EXERCISE REQUIREMENTS: Transcribe the data that follows without changing a word, and omit the pictures.

DATA SEGMENT:
--- --- ---
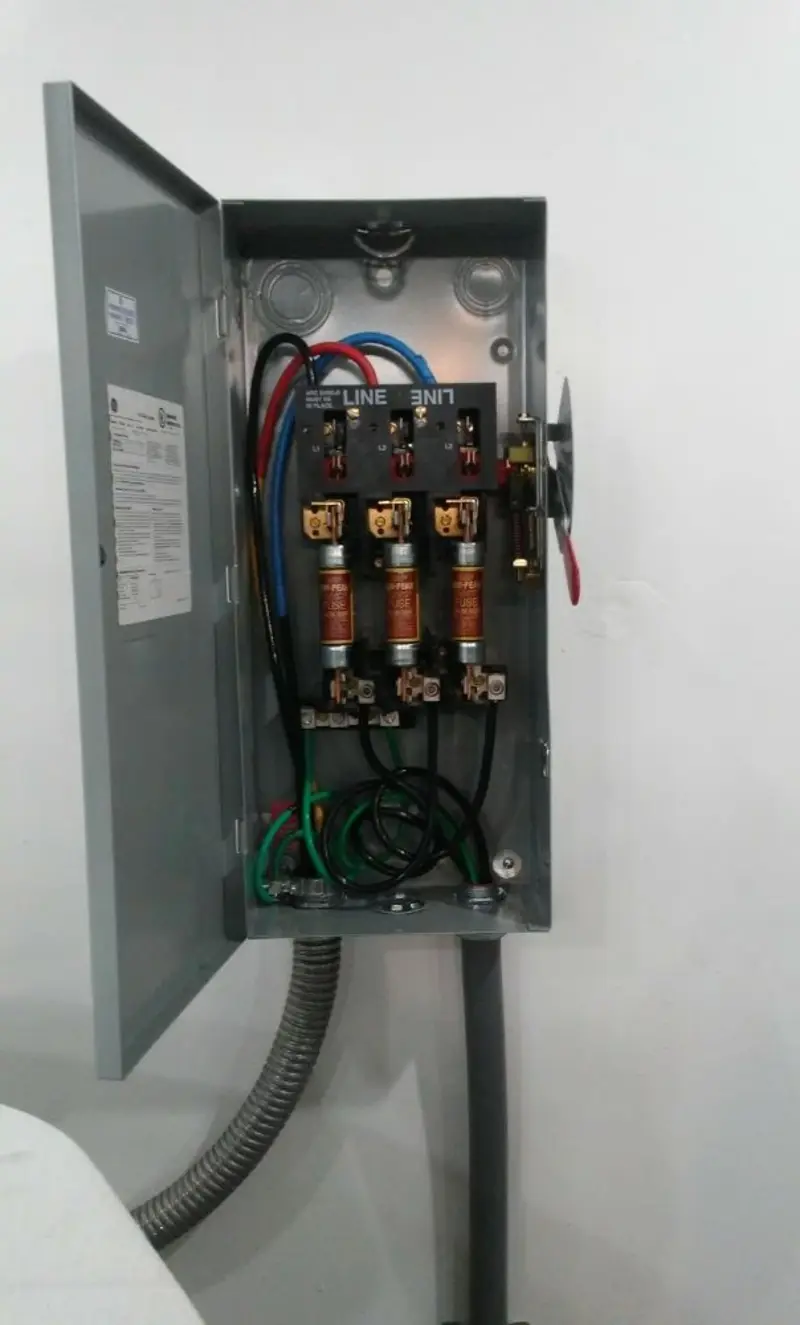 Three-phase disconnect switch installed for Smoke Detector Installation in New Brighton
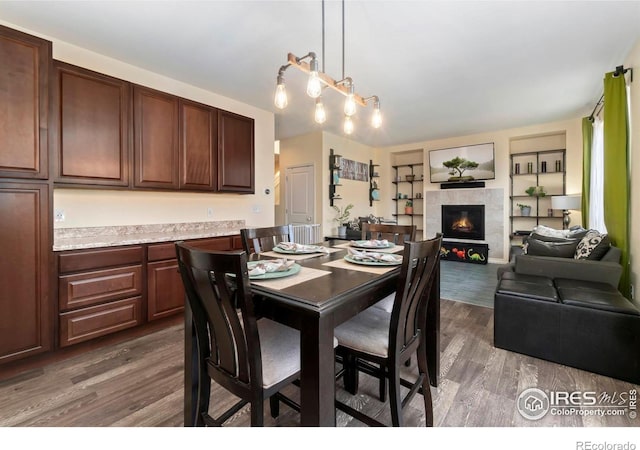 dining room featuring dark wood-style floors and a tiled fireplace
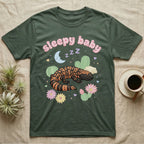 Gila Monster Baby T-Shirt in Military Green — Pastel Gila monster with sleepy eyes, crescent moon and Z Z Z, puffy salmon bubble wordmark "sleepy baby" above.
--- --- ---
ANSWER BELOW:
 Three-phase disconnect switch installed for Smoke Detector Installation in New Brighton
 dining room featuring dark wood-style floors and a tiled fireplace
 Gila Monster Baby T-Shirt in Military Green — Pastel Gila monster with sleepy eyes, crescent moon and Z Z Z, puffy salmon bubble wordmark "sleepy baby" above.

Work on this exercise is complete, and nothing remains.